What was advertised in a colonial American newspaper 250 years ago today?
“Near LIBERTY TREE, BOSTON.”
Purveyors of goods and services in Boston used a variety of means to specify their locations in 1771. William Taylor and Peter Hughes merely listed King Street as their addresses. Similarly, Andrew Brimmer stated that his shop was located in the “South-End, BOSTON,” but did not elaborate beyond that. Joshua Gardner sold “a Fine Assortment of ENGLISH GOODS … at his Shop in Cornhill, just above the Post-Office.” John Hunt carried a variety of merchandise at his shop “next door Northward to the Heart and Crown,” the printing office where Thomas Fleet and John Fleet published the Boston Evening-Post. Bartholomew Kneeland also used that printing office as a landmark, giving his location as “the Fourth to the Northward of School-Street, and nearly opposite to the Heart & Crown in Cornhill.” Samuel Franklin sold razors and a variety of cutlery at the Sign of the Razor and Crown. Ziphion Thayer stocked paper hangings (or wallpaper) at the Sign of the “Golden Lyon.” George Leonard hawked grains and chocolate at “the New Mills, near the Mill-Bridge.” Bethiah Oliver peddled seeds at her shop “opposite the Old South Meeting-House.” John Coleman sold beer and operated a “House of Entertainment” at “the Sign of the General Wolfe, North-side Faneuil-Hall Market.”
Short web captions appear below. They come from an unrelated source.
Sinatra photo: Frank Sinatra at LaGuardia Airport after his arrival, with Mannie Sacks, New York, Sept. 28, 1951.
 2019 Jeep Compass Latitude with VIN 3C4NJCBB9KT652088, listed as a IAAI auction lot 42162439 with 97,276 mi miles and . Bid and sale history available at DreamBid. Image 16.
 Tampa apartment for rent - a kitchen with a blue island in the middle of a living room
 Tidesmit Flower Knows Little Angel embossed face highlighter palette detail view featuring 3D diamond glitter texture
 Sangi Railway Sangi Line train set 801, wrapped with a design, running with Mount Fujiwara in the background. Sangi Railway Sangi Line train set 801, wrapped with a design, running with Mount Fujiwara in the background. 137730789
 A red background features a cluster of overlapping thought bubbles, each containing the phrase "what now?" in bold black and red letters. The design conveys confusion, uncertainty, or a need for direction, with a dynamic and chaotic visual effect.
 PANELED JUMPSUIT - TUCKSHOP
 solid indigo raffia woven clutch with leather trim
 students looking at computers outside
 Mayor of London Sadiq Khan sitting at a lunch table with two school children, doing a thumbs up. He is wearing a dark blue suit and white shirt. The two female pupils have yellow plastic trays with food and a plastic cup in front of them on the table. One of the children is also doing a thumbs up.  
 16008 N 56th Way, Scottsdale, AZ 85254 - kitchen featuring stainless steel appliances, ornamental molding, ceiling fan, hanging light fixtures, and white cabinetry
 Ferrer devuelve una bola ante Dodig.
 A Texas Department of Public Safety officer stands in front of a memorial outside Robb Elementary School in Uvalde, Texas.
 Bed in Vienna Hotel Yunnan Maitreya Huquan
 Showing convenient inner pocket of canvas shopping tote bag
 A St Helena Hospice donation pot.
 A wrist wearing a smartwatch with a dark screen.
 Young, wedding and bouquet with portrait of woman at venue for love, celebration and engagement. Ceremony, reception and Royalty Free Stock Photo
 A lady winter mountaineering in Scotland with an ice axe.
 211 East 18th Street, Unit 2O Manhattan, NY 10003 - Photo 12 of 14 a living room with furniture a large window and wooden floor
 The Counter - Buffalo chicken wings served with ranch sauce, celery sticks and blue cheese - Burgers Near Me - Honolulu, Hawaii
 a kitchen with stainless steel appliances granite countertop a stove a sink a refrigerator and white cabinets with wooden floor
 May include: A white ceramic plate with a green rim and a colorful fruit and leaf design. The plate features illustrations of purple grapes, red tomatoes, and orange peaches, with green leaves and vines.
All of these descriptions for locations appeared in advertisements on the third page of the March 14, 1771, edition of the Massachusetts Gazette and Boston Weekly News-Letter. Some of the shop signs invoked British identity and celebrated being part of the empire, especially those that included crowns. The Sign of the General Wolfe honored one of the heroes of the Seven Years War who gloriously died on the battlefield after breaking the siege of Quebec in 1759. Some advertisers expressed pride in other aspects of British history and culture in the directions they gave to their shops. John Gore, Jr., sold a variety of goods “Opposite LIBERTY-TREE, Boston.” Rosannah Moore stocked a “general Assortment of Wines” at “her Wine-Cellar near LIBERTY TREE, BOSTON.” These retailers invoked traditional English liberties while simultaneously commemorating recent abuses perpetrated against colonists by Parliament and soldiers quartered in Boston. The Liberty Tree stood as a symbol of resistance to the Stamp Act, the duties on imported goods in the Townshend Acts, and the murder of colonists during the Boston Massacre. Gore and Moore both choose to associate their businesses with that recent history of resistance. As the variety of means of giving directions in other advertisements demonstrate, Gore and Moore could have formulated many other means for instructing customers how to find their shops. They purposefully selected the Liberty Tree, their advertisements for consumer goods resonating with political overtones as a result.